Source data
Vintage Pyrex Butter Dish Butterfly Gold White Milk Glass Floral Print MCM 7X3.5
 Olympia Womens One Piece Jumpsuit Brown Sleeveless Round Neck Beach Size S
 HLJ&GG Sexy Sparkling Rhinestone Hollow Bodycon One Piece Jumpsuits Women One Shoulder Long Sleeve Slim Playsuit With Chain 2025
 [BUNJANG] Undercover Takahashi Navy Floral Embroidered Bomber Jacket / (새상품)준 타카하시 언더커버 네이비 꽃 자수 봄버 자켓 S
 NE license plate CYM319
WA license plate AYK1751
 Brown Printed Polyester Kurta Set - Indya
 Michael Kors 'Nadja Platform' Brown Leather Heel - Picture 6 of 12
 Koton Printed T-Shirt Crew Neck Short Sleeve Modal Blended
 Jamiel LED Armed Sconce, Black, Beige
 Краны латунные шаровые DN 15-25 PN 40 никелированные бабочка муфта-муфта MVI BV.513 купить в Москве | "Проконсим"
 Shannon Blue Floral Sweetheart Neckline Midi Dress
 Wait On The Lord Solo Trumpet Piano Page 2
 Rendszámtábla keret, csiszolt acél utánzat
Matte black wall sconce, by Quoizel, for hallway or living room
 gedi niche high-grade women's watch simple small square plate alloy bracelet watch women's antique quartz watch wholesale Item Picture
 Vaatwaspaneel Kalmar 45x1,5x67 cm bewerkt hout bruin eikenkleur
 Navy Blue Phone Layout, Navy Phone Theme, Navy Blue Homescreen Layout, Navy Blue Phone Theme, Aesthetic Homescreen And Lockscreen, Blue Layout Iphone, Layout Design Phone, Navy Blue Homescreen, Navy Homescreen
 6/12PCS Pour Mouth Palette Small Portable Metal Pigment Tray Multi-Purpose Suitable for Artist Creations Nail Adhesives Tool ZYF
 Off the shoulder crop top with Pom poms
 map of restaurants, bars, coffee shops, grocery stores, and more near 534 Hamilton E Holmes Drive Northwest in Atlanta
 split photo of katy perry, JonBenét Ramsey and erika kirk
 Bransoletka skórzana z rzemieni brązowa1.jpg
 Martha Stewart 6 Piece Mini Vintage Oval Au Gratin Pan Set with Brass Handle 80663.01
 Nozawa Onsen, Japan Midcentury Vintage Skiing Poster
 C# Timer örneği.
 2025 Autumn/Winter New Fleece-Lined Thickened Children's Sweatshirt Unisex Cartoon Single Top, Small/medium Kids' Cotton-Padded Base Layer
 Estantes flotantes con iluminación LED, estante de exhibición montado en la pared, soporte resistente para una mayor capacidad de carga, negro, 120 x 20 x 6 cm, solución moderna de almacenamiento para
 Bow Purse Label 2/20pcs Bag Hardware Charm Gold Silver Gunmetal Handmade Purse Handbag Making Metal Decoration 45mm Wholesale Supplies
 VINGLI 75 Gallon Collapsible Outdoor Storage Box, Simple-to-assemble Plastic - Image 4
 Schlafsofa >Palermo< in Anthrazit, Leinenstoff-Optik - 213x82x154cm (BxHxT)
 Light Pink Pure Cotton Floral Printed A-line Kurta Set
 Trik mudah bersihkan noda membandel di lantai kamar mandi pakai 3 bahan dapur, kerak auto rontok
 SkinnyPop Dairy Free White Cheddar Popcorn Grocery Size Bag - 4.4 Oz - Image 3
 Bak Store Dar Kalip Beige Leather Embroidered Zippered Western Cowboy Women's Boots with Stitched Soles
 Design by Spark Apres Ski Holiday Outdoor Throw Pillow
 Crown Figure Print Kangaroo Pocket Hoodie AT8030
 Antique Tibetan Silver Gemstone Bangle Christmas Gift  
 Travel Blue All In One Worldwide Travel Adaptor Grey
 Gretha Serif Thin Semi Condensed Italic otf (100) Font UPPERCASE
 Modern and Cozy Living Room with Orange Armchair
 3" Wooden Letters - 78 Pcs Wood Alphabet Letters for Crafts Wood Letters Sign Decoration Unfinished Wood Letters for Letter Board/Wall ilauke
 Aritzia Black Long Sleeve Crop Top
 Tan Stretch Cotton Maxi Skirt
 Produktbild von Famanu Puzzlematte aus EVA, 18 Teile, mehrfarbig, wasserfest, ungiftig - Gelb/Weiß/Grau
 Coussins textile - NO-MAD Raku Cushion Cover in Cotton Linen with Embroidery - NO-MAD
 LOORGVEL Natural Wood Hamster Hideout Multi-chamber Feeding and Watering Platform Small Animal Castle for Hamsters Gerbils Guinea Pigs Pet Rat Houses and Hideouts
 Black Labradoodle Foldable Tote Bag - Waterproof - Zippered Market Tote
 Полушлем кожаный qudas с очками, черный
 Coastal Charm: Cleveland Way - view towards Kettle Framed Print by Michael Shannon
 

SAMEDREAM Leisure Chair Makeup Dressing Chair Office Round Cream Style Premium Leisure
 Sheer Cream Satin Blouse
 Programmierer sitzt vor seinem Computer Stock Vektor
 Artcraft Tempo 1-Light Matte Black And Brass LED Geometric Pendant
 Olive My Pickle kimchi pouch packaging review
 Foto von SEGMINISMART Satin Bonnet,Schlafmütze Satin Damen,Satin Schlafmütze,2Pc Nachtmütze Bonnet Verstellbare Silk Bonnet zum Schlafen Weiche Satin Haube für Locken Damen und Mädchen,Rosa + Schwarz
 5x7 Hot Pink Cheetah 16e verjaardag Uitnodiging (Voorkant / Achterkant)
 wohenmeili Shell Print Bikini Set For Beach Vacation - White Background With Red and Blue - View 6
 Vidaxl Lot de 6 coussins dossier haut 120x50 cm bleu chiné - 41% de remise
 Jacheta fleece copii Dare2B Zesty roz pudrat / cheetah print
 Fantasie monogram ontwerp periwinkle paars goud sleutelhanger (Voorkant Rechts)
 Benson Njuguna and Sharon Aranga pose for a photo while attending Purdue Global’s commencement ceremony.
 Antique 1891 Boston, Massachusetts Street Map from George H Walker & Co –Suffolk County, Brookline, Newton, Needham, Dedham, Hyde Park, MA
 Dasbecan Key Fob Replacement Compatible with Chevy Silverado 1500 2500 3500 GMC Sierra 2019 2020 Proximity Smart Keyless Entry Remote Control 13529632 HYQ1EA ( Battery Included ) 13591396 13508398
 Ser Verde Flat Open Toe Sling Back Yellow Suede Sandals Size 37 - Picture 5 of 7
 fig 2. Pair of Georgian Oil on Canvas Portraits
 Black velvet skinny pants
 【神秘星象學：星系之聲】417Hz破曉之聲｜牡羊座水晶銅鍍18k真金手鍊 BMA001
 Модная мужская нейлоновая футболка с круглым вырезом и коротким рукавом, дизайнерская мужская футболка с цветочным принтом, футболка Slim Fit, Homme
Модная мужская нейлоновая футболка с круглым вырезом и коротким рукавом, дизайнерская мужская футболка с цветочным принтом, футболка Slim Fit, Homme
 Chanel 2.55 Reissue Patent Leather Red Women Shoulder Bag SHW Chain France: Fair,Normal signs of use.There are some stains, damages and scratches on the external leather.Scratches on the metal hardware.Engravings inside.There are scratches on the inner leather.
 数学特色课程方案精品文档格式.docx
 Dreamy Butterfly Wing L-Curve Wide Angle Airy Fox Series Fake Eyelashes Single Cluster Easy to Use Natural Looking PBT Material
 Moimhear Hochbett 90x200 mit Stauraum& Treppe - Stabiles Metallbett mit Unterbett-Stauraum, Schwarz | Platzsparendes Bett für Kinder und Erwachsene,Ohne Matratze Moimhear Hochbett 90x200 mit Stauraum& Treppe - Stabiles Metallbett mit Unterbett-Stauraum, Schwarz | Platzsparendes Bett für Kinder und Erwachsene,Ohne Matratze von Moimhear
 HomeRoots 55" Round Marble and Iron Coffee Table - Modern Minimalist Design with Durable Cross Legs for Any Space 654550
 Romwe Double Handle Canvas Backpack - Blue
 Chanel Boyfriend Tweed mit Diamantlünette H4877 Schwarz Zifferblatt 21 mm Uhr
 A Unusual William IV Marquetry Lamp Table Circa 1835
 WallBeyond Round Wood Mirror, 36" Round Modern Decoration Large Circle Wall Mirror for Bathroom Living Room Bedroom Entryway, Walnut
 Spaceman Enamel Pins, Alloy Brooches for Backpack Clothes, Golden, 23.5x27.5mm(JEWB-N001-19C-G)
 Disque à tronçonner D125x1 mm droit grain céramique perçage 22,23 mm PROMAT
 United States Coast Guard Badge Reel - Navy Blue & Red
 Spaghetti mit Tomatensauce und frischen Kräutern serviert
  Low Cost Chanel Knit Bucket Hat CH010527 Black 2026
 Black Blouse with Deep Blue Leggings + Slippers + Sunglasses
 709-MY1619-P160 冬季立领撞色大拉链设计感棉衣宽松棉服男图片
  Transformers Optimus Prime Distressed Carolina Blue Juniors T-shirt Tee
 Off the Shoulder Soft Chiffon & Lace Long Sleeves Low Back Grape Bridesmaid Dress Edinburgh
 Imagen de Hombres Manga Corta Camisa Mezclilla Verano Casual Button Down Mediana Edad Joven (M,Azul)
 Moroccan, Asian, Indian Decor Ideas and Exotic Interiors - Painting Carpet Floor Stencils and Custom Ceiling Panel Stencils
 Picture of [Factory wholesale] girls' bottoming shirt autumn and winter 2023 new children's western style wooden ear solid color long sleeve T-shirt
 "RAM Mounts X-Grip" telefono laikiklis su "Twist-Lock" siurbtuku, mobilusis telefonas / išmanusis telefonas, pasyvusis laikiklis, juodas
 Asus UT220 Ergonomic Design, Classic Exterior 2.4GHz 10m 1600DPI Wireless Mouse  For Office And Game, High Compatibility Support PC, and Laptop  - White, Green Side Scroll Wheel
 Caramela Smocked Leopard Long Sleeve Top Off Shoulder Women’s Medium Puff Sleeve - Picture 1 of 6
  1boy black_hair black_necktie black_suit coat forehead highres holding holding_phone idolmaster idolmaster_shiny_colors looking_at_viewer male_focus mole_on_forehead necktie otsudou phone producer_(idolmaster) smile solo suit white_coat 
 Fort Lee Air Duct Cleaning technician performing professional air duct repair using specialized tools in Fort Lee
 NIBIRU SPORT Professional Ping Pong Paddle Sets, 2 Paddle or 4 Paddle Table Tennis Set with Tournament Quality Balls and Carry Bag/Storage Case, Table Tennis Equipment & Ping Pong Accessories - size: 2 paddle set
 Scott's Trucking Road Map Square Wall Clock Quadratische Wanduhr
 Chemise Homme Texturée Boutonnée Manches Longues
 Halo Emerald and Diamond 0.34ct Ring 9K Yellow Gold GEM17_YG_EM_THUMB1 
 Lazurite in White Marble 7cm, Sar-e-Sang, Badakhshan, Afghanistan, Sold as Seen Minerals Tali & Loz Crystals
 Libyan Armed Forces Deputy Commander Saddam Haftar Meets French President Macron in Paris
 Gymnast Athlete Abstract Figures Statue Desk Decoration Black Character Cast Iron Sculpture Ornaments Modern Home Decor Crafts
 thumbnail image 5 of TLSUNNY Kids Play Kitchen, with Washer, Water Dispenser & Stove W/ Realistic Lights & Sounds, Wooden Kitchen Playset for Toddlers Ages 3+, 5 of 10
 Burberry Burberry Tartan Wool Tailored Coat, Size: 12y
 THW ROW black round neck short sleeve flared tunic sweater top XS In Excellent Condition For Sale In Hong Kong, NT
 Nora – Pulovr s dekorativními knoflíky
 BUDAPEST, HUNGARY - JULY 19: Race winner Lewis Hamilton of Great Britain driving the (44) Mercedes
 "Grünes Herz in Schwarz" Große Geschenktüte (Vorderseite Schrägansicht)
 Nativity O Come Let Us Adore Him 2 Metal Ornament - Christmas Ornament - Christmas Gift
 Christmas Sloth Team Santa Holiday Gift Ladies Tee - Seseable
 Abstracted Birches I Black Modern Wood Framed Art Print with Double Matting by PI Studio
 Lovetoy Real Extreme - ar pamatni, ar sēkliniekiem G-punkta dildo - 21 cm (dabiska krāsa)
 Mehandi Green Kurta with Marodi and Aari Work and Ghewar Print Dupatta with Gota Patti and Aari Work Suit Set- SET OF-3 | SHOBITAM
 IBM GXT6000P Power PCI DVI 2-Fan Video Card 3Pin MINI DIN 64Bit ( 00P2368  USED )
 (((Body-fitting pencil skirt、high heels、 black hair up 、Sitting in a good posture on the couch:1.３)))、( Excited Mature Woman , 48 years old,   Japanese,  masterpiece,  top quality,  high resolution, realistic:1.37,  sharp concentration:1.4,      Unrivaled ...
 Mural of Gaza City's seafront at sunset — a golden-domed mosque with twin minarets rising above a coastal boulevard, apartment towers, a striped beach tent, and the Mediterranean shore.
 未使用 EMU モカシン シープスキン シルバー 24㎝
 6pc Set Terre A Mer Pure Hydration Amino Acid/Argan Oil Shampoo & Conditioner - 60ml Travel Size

> **Work required**:
Search the data for the string "Iron". List each line that has it.

> **Your solution**:
 HomeRoots 55" Round Marble and Iron Coffee Table - Modern Minimalist Design with Durable Cross Legs for Any Space 654550
 Gymnast Athlete Abstract Figures Statue Desk Decoration Black Character Cast Iron Sculpture Ornaments Modern Home Decor Crafts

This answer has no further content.